As I said above, if you know all this and are just worrying

about conf.d setup, my apologies.

----------

## Zzormpas

This is one of the things that has been confusing me from day one. I know my essid, but I haven't a clue about the value of "my_key". How do I find out?

----------

## FcukThisGame

my_key is just your wireless network password. If you don't know it, you're either

A.) trying to bum off your parents' or somebody else's wireless network

B.) you got it used

C.) you've got a weird router

what kind of router do you have?

Chances are you need to just log into your router (most likely 192.168.1.1 with username admin and password admin)

----------

## Zzormpas

Ok, no signal found with iwconfig. I know there's one present from the airport extreme that is about 10 feet away, plus it "used to work" on this same laptop with the same wireless card with an old installation of RH 9.

----------

## ocean

I am trying to connect to my router as well, I had disabled the security but it just wouldn't work for some reason, I'm pretty sure that I have my wireless card driver installed, what should I do?  Thanks.

----------

## albright

long ago, you said that an XP box worked; so if you can,

go into the devil's playground and check the wireless

configuration.

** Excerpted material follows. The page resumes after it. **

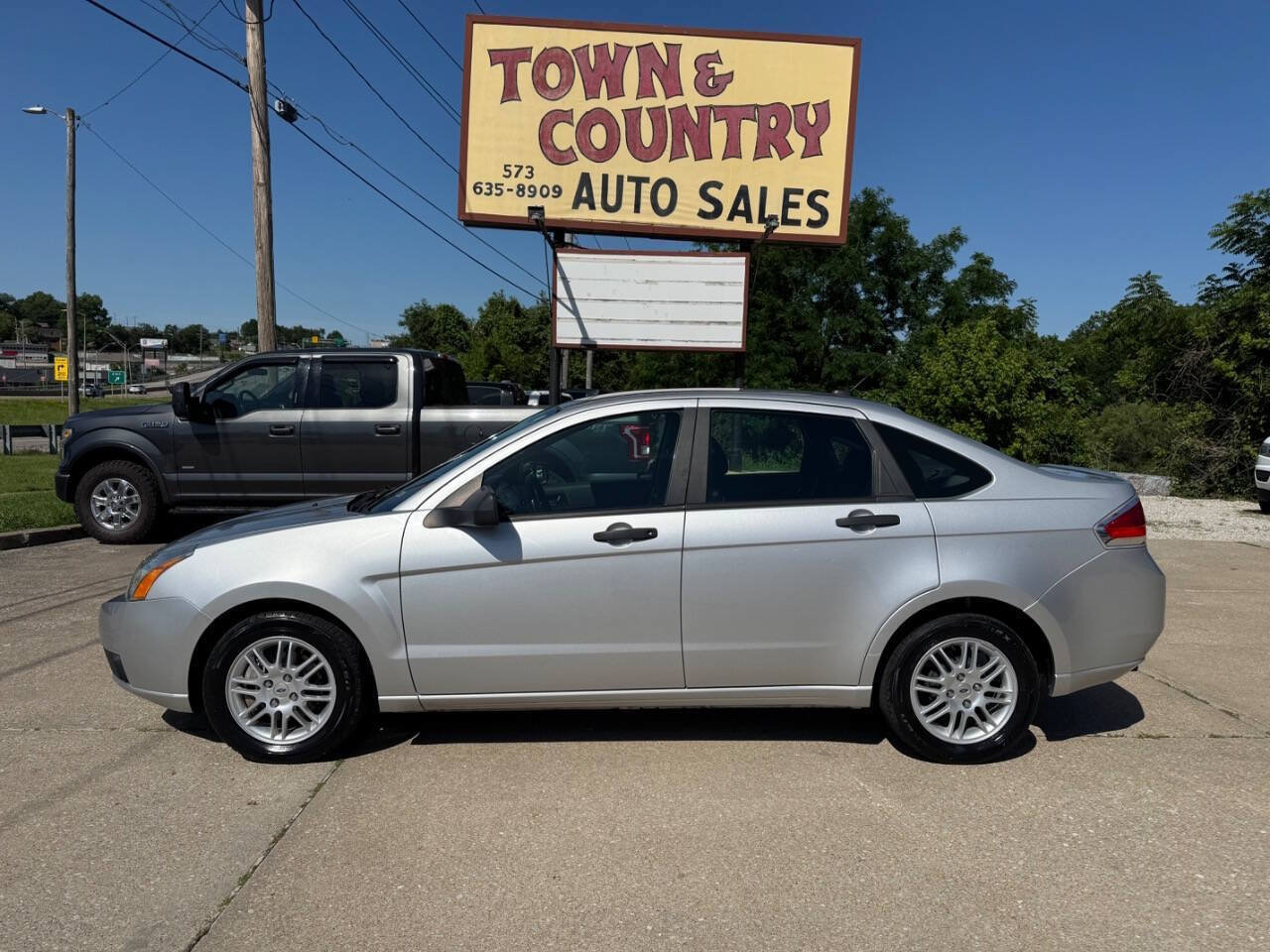 Used 2010 Ford Focus SE FWD image 4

It should tell you the essid and the key

(on second thought, will it show the key??).

You could also emerge kwifimanager and see if it

can scan the area for wireless networks?

Probably, you are not far from getting this working ...

----------

## wxqc11h

Sorry for of topic but my question is too short to start a new topic and its related in some way.

How to force iwconfig to change radio off to on status ??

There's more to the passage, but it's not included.